If these two perspectives miss the Otherness within the cultural Other: How can »the Other« be grasped at all? The main problem with »the Other« can be sought in the fact that it cannot be clearly named without loosing its meaning as Other – similar to the unknown. According to German philosopher Waldenfels it is necessary to shift the focus of perception: »As long as we ask what is the Other, what is it for, and where does it come from, we subordinate it to our previous knowledge and understanding – whether or not we want to.« [Waldenfels1997: 108; translation B.L.] Such an approach inevitably brings forth the attempt to comprehend and explain the Other. As any effort to explain makes the Other loose its specific quality of Otherness Waldenfels suggests something else: »The situation changes, when we abstain from straightly defining the Other and when instead we take the Other as that whereupon we answer and inescapably have to answer, thus as challenge, provocation, incentive, call, demand, or however the various shades may read.« [ibid.] The Other thus serves as incentive of debate against which also the familiar is to question because with the Other it gains a center of reference.
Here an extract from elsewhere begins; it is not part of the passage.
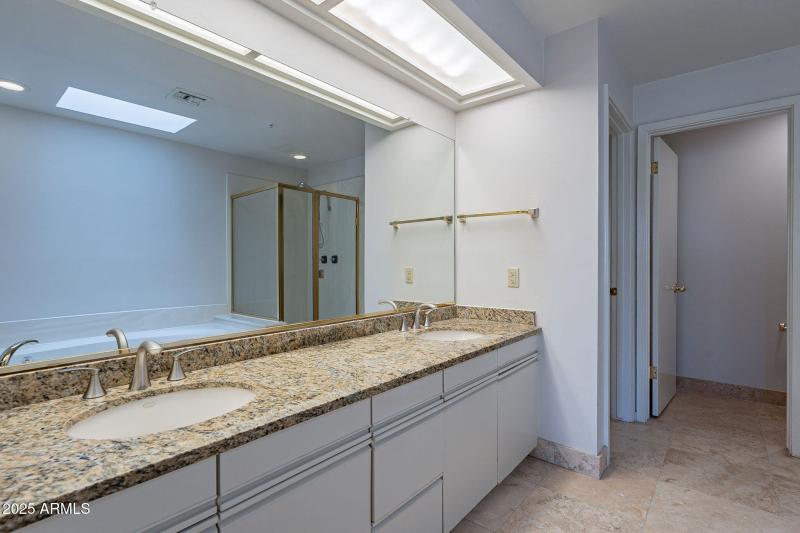 DUAL SINKS WITH PLENTY OF SPACE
Accordingly, any photograph that is trying to define or explain the Other takes away a constituent part of Otherness: its challenge and provocation towards the familiar. Therefore, it seems necessary to keep up this challenge of Otherness within the photographs. The viewers of the images should not only see the Other as deviant from the familiar or just alike to the familiar, but they themselves should be confronted with the challenge and provocation of Otherness within the pictures. Thus on the occasion of looking at photographs they can experience Otherness and can take the photographs as incentive to think or discuss about aspects of the Other and the familiar. The photographs themselves serve as a form of disconcertment [Beunruhigung] sometimes irritating about what they show and how this is supposed to be understood.

In order to be able to work with photographs in this way it is important to understand (documentary) photography not as source of mere information – or in philosophical terms – not as a semiotic set of signs referring to the things depicted; but to understand it as a visual means of showing something absent and affecting its viewers in a specific way.

There are two sides taking part in this understanding of photography: The photographer needs to use photography in a way that allows for irritation and disconcertment thus passing down her own encounters with the Other to the viewers. The viewers may form an understanding for the missing explanations within the photographs. They have to find out that it is not a lack of quality when photographs refuse to explain and inform about the cultural Other but that they are supposed not to give answers as the viewers themselves are supposed to make up their own minds on what there is to see.

The concentration only on the similarity or dissimilarity of the cultural Other presents Otherness in a ›spellbound‹ way. After all there are no more surprises and no stimulations to reflect about the familiar. The incentive, the challenge created by the Other is omitted. The encounter with the Other is in the first place an occasion to become aware of the familiar and to put one’s established tangible beliefs on trial. If we ban this challenge, we will remain within our own limitations.

With my photographs I try to broach the issue of Otherness in a way that does not leave a frozen image of the Other. By irritation about the incomparability of the seemingly similar and the comparability of the assumed dissimilar questions are raised concerning ourselves.


Literature

Böckmann, Wilhelm (1886): Reise nach Japan. Aus Briefen und Tagebüchern zusammengestellt, Berlin.

Lockemann, Bettina (2008): Das Fremde sehen. Der europäische Blick auf Japan in der künstlerischen Dokumentarfotografie, Bielefeld.

Martin, Bernd (2002): »Die preußische Ostasienexpedition und der Vertrag über Freundschaft, Handel und Schiffahrt mit Japan (24. Januar 1861)«. In: Gerhard Krebs (ed.), Japan und Preußen, München, 77-101.

Pratt, Mary Louise (1992): Imperial Eyes. Travel Writing and Transculturation, London.

Waldenfels, Bernhard (1997): Topographie des Fremden, Frankfurt a.M.